Yaşanmış ve yaşanmakta olan örneklerde bütün hareketin (veya bütün parti teşkilatının) “ORTAK AKIL” ile yönetildiği bir uygulama yoktur. 
Kişilerin tahakkümü yada ekiplerin tahakkümü, ekiplerin koalisyonu türü örnekler vardır hep. 
Yöneten kişilerin/ekiplerin dışında kalanlar ( sanki bir “nimet bölüşümü” gibi) sıranın kendilerine geleceği gün için çaba sarfederler. 
“Artık sıra bize gelsin, bu gücü ve iktidarı ( haliyle maddi manevi nimetlerini ) biraz da biz yaşayalım” dürtüsü ile hareket ederler.. 
Buradan bakınca da, “Beni baş yaparsanız, ben bu iktidar makamını 2 dönem sonra boşaltacağıma söz veriyorum..” türünden vaadler iş yapar hale geliyor.

Ama bu yanlış..
İki defa yanlış.. Birincisi her haliyle bir rüşvet teklifi gibi durması sebebiyle yanlış..
İkincisi, başarılı ve tecrübe kazanmış kişilerin potansiyellerinden cihanşumül bir davayı mahrum bırakacağı için yanlış..
Ve ayrıca ; zaten 2 dönem vekillik yapmış olanları bu kuraldan muaf tutacak bir gerekçe bulmak zor olur, muaf tutunca başka mahzurları olur, muaf tutulmayınca başka mahzurları olur. 
Bu geçmişe dönük sınırlama, muhatabı olan insanların ve onların sempati halkasında olanların yoğun ve haklı bir tepkisi ile karşılanır, derin ve sert tartışmalara sebep üretir 
Muaf tutulduklarında da, bu defa “Madem bu hizmet ve görevin ( yada nimet bölüşümünün) en fazla 2 dönem yapılması uygun olandır, işte siz de kaç defa milletvekili oldunuz, artık olmayın, sadece Genel Başkan olun” derlerse ne diyebilirsiniz ? Mutlaka diyecek bir sözünüz olur ama bu ne kadar kabul görür ?

Ki, bu “2 dönem sınırlaması”na (benim gibi) ilkesel olarak karşı çıkanlar da çok olacaklardır, bu tartışmanın karşı tarafında olacaklardır..
Kalabalık bir itiraz gurubu henüz merdivenin ilk basamaklarında olanlar için hiç de iyi sonuçlar doğurmaz..

* * *

“O yanlış, bu yanlış, peki çözüm ne?” diyecek olursanız..
Evet, basit bir çözümü var bütün bunların ;
Herkesin üye olduğu, herkesin de aday olabildiği, yönetenlerin adaletli kongre zeminlerinden seçilebildiği bir yapıyı kurarak yetkiyi de sorumluluğu da “Ülkücü İrade”ye, Ülkücülerin ortak aklına bırakmak en iyisi, en doğrusu..
Ülkücüler kendi “ortak akıl”ları ile kimin tekrar milletvekili, kimin tekrar Genel Başkan olacağına, kimin yetersiz olup azledilmesi gerektiğine karar verirler.
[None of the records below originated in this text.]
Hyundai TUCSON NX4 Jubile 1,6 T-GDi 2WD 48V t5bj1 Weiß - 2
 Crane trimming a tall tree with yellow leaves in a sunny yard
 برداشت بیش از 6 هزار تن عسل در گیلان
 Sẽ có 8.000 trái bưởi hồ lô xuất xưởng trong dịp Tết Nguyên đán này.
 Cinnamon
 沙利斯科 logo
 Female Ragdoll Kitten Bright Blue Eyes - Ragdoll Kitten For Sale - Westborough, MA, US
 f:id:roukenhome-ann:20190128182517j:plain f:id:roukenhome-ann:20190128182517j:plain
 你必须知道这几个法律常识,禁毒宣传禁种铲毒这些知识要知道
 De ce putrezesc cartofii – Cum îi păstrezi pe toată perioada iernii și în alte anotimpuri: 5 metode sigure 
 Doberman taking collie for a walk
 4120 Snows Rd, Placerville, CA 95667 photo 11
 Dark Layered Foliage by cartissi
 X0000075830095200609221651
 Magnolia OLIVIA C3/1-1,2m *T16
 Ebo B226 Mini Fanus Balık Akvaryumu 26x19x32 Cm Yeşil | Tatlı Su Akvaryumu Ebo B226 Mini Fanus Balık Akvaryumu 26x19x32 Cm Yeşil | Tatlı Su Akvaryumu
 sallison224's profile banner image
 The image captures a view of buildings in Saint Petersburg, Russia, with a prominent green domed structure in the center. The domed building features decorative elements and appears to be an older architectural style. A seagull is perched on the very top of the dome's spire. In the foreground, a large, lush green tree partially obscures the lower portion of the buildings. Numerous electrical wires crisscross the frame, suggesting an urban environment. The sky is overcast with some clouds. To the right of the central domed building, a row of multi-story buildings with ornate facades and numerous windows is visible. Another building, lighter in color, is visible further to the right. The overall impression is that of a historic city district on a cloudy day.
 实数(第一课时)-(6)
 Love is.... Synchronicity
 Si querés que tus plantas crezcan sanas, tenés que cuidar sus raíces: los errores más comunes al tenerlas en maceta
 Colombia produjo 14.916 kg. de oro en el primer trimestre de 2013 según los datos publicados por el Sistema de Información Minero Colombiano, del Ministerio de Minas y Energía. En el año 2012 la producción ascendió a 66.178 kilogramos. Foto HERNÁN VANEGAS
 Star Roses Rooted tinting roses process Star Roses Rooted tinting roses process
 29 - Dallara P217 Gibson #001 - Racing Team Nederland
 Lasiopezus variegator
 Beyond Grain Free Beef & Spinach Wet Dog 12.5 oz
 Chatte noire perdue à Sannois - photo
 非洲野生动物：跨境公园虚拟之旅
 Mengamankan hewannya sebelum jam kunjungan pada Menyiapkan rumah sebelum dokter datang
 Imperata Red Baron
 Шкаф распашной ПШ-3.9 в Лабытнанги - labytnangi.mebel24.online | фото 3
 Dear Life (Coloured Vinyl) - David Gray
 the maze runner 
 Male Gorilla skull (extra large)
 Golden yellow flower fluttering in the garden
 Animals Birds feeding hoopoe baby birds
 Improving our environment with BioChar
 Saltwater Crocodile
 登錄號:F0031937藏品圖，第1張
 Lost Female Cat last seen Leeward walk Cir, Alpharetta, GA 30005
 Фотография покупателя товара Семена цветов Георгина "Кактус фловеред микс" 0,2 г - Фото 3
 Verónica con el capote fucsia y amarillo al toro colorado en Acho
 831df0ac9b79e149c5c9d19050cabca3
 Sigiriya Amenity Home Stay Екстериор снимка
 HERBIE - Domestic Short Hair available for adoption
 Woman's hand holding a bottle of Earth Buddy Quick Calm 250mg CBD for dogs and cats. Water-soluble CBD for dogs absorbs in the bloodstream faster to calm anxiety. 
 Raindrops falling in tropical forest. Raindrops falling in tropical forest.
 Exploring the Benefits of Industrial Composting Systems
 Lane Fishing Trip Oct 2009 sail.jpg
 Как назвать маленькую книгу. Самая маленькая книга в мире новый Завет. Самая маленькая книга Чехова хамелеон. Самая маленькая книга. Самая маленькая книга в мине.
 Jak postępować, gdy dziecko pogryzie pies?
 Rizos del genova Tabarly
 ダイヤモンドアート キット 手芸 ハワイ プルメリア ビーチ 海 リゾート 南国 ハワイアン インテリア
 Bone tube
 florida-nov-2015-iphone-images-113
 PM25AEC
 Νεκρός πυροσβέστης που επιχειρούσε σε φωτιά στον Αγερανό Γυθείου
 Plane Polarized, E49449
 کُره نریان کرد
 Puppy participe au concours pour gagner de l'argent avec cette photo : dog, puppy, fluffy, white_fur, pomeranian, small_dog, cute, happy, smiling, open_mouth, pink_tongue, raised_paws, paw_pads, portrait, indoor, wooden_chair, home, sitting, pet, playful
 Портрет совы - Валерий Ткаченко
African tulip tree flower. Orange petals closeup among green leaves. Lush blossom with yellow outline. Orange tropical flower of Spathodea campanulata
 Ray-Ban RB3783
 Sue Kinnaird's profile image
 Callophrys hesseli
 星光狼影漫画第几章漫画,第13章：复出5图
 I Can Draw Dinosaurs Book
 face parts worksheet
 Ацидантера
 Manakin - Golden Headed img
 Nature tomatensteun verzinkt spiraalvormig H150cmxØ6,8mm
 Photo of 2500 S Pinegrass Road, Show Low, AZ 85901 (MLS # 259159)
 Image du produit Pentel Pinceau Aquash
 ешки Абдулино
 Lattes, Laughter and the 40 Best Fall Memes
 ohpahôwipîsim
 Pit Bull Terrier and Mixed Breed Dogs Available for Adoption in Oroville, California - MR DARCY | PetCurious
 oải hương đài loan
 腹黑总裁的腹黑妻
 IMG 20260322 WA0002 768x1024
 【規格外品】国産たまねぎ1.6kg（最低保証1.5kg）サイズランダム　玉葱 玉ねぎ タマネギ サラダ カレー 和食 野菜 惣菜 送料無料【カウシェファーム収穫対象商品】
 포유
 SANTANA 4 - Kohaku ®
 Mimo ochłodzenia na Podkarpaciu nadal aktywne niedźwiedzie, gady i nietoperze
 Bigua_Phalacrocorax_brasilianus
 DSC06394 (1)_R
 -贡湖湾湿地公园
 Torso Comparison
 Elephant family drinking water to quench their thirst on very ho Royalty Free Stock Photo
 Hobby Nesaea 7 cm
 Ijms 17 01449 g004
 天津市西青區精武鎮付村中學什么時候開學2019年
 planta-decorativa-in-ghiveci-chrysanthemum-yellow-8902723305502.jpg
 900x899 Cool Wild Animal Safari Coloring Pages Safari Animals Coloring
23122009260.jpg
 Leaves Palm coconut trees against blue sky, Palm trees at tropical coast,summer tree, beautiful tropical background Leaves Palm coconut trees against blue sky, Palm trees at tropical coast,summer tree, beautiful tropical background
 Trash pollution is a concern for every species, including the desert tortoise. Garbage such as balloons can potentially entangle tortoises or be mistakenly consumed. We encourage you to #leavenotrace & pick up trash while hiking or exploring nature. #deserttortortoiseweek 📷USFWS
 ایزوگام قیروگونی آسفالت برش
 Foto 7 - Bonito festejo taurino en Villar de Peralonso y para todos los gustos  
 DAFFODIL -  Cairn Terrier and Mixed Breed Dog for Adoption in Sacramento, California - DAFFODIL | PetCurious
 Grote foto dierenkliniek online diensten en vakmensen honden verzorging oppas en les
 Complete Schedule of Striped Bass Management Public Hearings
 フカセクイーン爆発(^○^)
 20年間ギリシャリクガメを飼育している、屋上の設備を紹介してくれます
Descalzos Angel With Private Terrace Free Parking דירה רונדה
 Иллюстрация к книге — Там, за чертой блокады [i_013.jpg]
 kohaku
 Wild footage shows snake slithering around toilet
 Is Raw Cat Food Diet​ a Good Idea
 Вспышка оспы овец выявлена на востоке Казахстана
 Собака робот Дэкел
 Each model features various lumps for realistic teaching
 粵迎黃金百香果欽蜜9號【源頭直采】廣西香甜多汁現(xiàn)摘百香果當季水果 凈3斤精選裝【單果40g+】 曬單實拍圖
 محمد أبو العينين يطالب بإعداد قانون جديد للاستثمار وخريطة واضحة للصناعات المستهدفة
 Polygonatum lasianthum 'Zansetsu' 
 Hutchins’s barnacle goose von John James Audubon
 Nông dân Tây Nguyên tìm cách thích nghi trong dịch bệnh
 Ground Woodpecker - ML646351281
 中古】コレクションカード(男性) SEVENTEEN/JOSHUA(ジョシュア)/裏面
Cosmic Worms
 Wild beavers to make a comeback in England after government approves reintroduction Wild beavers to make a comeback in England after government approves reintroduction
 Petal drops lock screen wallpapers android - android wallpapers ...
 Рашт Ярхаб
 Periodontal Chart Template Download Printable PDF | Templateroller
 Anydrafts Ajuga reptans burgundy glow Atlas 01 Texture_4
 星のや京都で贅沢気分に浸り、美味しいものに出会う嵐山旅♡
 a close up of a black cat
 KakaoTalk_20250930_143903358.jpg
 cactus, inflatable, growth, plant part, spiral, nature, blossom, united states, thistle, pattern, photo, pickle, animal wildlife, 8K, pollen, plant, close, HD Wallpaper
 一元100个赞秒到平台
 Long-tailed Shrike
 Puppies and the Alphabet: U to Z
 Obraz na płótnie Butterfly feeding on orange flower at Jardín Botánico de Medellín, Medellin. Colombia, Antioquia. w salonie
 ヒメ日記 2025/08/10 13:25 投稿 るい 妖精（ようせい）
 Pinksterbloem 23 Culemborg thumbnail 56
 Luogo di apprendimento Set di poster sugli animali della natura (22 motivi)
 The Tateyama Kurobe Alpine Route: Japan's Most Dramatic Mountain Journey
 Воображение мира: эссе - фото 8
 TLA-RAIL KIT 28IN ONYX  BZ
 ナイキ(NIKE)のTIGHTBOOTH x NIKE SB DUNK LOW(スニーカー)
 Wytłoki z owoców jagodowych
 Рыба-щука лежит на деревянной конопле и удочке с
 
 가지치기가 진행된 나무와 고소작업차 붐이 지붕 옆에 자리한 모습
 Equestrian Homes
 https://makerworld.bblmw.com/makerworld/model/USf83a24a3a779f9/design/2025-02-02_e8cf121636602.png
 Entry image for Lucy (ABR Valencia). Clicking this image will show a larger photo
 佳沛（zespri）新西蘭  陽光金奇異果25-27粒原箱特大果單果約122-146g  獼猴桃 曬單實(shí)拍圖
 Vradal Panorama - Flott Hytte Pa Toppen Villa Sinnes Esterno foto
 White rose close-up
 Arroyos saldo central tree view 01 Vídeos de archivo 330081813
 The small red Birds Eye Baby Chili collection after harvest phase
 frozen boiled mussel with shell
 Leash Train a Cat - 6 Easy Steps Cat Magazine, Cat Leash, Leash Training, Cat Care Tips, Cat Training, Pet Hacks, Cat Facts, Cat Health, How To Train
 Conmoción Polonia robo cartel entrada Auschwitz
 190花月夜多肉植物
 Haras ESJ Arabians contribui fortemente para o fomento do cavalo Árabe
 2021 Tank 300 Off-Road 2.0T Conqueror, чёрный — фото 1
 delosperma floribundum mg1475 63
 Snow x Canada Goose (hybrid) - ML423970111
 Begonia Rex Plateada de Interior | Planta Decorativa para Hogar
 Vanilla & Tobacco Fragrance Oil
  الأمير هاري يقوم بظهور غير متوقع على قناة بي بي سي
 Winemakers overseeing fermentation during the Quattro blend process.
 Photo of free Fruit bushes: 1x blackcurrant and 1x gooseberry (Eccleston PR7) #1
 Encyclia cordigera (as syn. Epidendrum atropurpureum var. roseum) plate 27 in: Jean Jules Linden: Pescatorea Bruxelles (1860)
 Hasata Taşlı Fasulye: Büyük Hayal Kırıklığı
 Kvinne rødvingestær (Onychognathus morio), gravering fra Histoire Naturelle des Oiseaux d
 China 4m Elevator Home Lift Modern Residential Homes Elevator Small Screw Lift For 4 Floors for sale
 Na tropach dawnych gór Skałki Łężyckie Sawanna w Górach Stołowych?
Ülkücülerin bu basiretine güvenmeyenler Ülkücü kadrolar ile iktidara talip olmasınlar, olmamalılar.. 
Geçmişte iyi örneklerin olamadığı geçmişte herkesin üye olabildiği ve herkesin aday olabildiği adaletli kongre zeminleri olmadığı içindir.

Milletvekili adayları ve sıralaması belli bir sistem ile yapılandırılacak bir Ülkücü heyet tarafından belirlenmelidir.
Her seçim çevresinde o ildeki parti ve ocak il yönetimleri ile Kamusen dahil, Ülkü-Tek, Ülkü-Bir, Ülkücü İşçiler ve benzeri bütün yan kuruluşların il yöneticileri, o seçim çevresindeki ilçe yönetimleri, yan kuruluşların şube başkanları esas olmak üzere..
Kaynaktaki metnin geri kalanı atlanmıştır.